Destra vecchia e nuova, stessa massima di vita: chi ce la fa ringrazia la buona sorte e chi l’ha aiutato, e guarda a chi sta dietro con commiserazione mista alla paura di ricadere a ground zero (anche così si spiega il popolare sostegno alle politiche anti-migratorie).

La trinità liberista

Lavoro, obbedienza, soldi. La trinità liberista non contempla quel che il lavoro ha aspirato a essere con la democratizzazione: il nostro contributo al benessere della società come eguali nel rispetto e nella dignità. La destra social-darwinista non assegna al lavoro alcuna implicazione di libertà dal dominio e alcuna pretesa di riconoscimento di libertà eguale.

Lavoro è indice di gerarchia sociale: c’è chi comanda e chi è comandato. La differenza tra i due gruppi è spiegata con il mantra del merito/demerito individuale. La destra, vecchia e nuova, non presta attenzione a come si parte nella lotta per la vita, se da condizioni privilegiate o svantaggiate – questa è una preoccupazione dei socialdemocratici.
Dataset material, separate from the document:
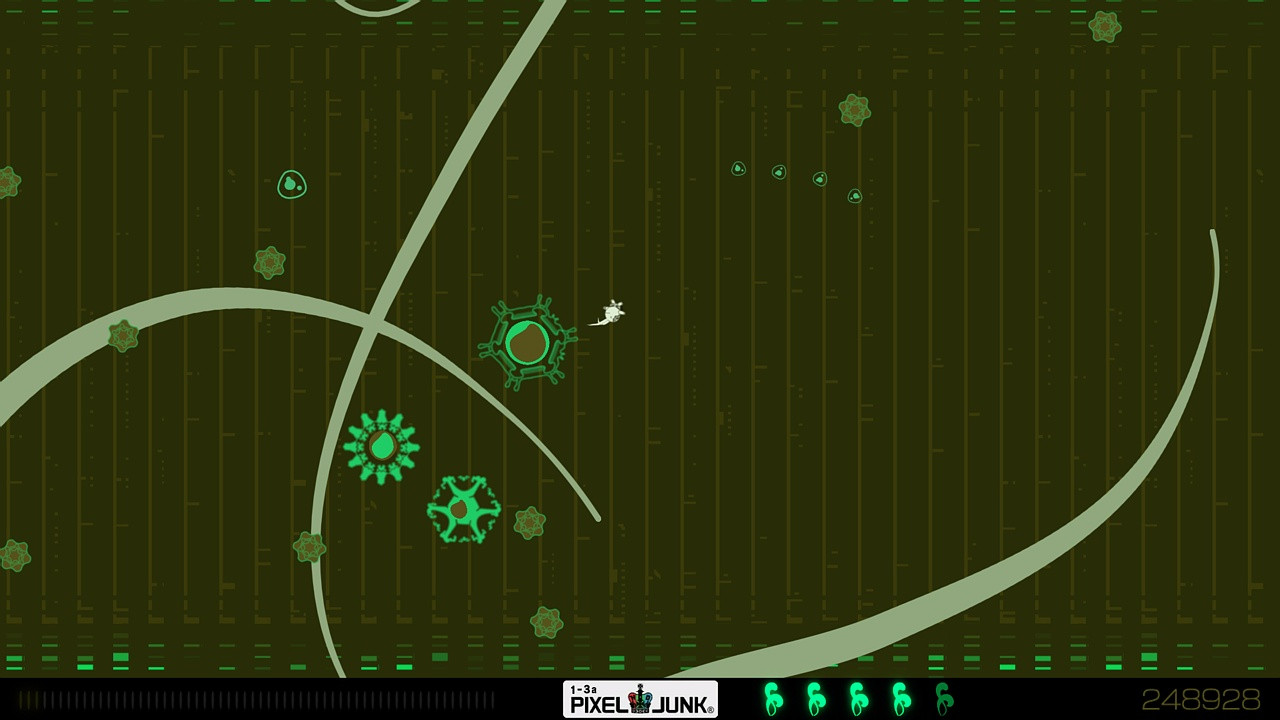 PixelJunk Eden Encore - кадр 15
Vecchia e nuova destra non differiscono nei fondamenti. A cambiarle è il contesto. Se Mussolini governasse al posto di Meloni farebbe probabilmente quel che fa lei. L’opportunismo della destra sta nel suo principio guida – difendere le prerogative di chi sta sopra e dare a chi sta sotto due possibilità: o allearsi con chi sta sopra o tacere e abbassare la testa. Per essere liberticida non deve necessariamente usare metodi violenti.

Il fascismo di oggi è social-darwinismo che sfrutta le conquiste di qualche decennio di liberismo e dell’innovazione tecnologica. Internet connette disabituando ad associarsi, lenendo le solitudini e le infelicità sociali con la terapia dei social e delle chat.

Attenti alla vendetta

La fatica repressiva dello stato è meno necessaria ma non meno arcigna, come il ddl Sicurezza dimostra. La repressione dei recalcitranti deve essere di monito per tutti gli altri, quelli ancora indecisi tra l’esporsi e l’arrendersi. Le politiche della destra sono finalizzate a dissuadere dal protestare e dal dissentire. Ambiscono a creare conformismo.

E la fiera di Arteju ha mostrato quanta disposizione alla conformità ci sia. I critici che a voce felpata si sono presentati al Circo Massimo hanno esibito la volontà di smussare gli angoli e venire a più miti consigli. I recidivi della libertà vengono repressi, i retori dei distinguo sono tollerati. Ma attenzione! La vendetta è sempre in agguato. Quella contro il senatore Matteo Renzi è esemplificatrice dell’uso del potere dello stato a cui è abituata la destra dura e pura di ogni tempo, che non accetta critiche e applica il motto, “con gli amici i favori, con i nemici la legge”.